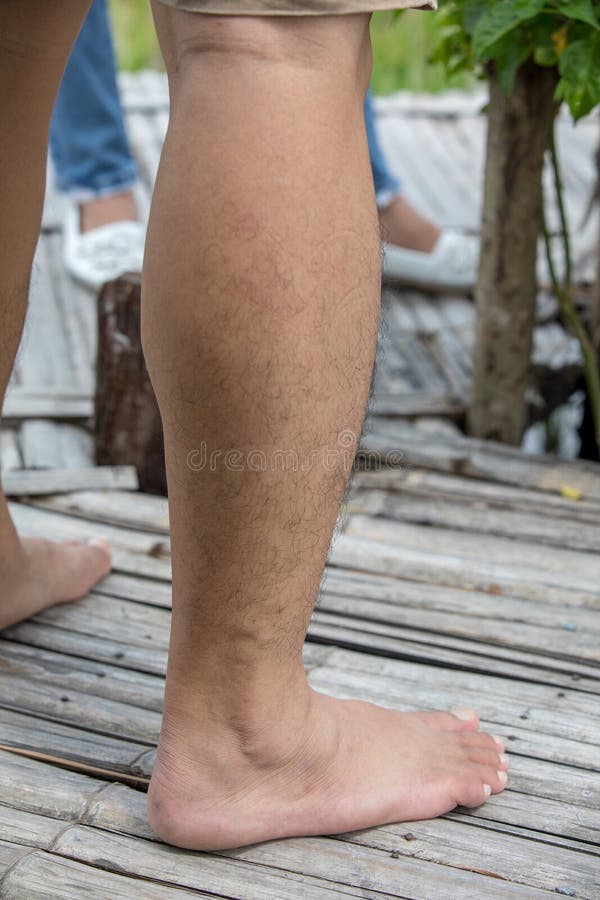 Melenudas Con Las Manchas Y Lunares En La Piel Foto de archivo - Imagen piernas, hombre: 121613430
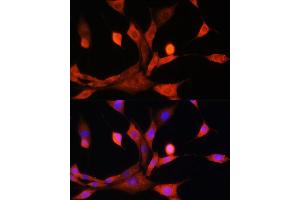 Immunofluorescence analysis of NIH/3T3 cells using ADK Rabbit pAb  at dilution of 1:100.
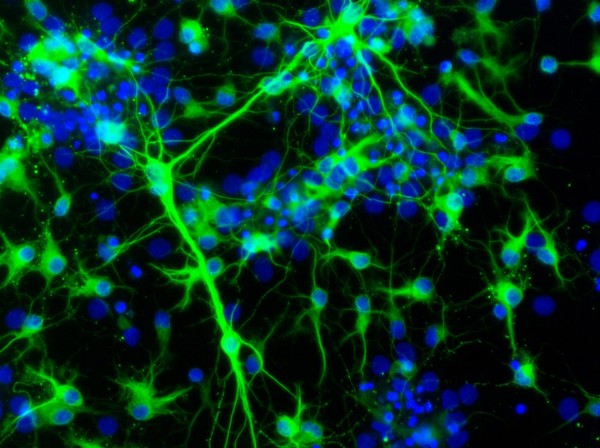 Neurons derived from neural stem cells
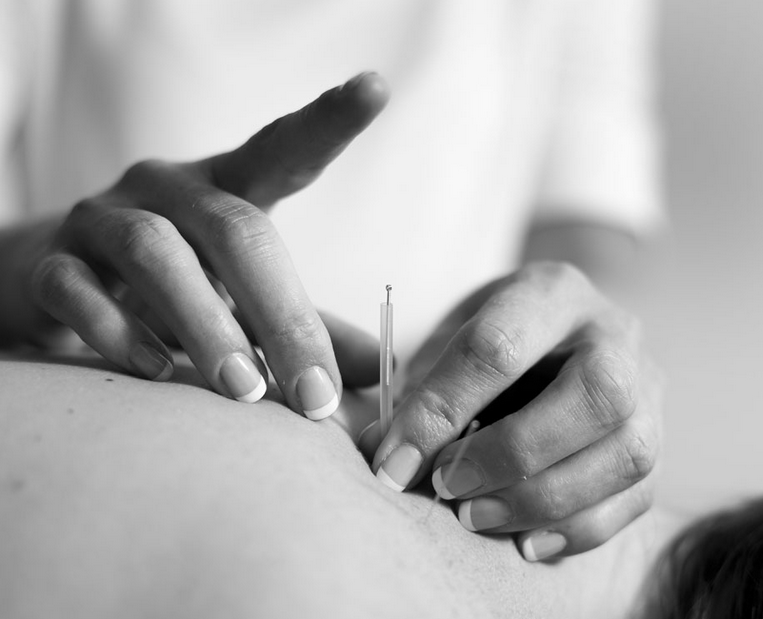 Acupuncture & Dry Needling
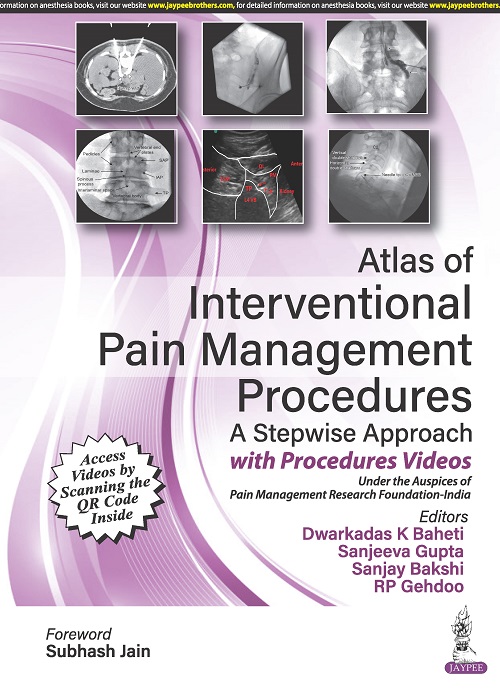Atlas of Interventional Pain Management Procedures a Stepwise Approach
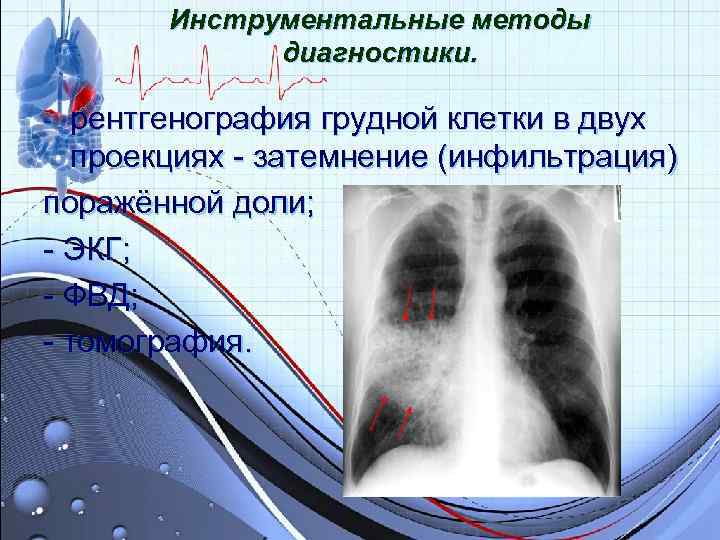 Инструментальные методы диагностики. - рентгенография грудной клетки в двух Инструментальные методы диагностики. - рентгенография грудной клетки в двух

----

### What needs to be done
Output the listing above exactly, excluding all pictures.

### Solution to this problem
 Melenudas Con Las Manchas Y Lunares En La Piel Foto de archivo - Imagen piernas, hombre: 121613430
 Immunofluorescence analysis of NIH/3T3 cells using ADK Rabbit pAb  at dilution of 1:100.
 Neurons derived from neural stem cells
 Acupuncture & Dry Needling
Atlas of Interventional Pain Management Procedures a Stepwise Approach
 Инструментальные методы диагностики. - рентгенография грудной клетки в двух Инструментальные методы диагностики. - рентгенография грудной клетки в двух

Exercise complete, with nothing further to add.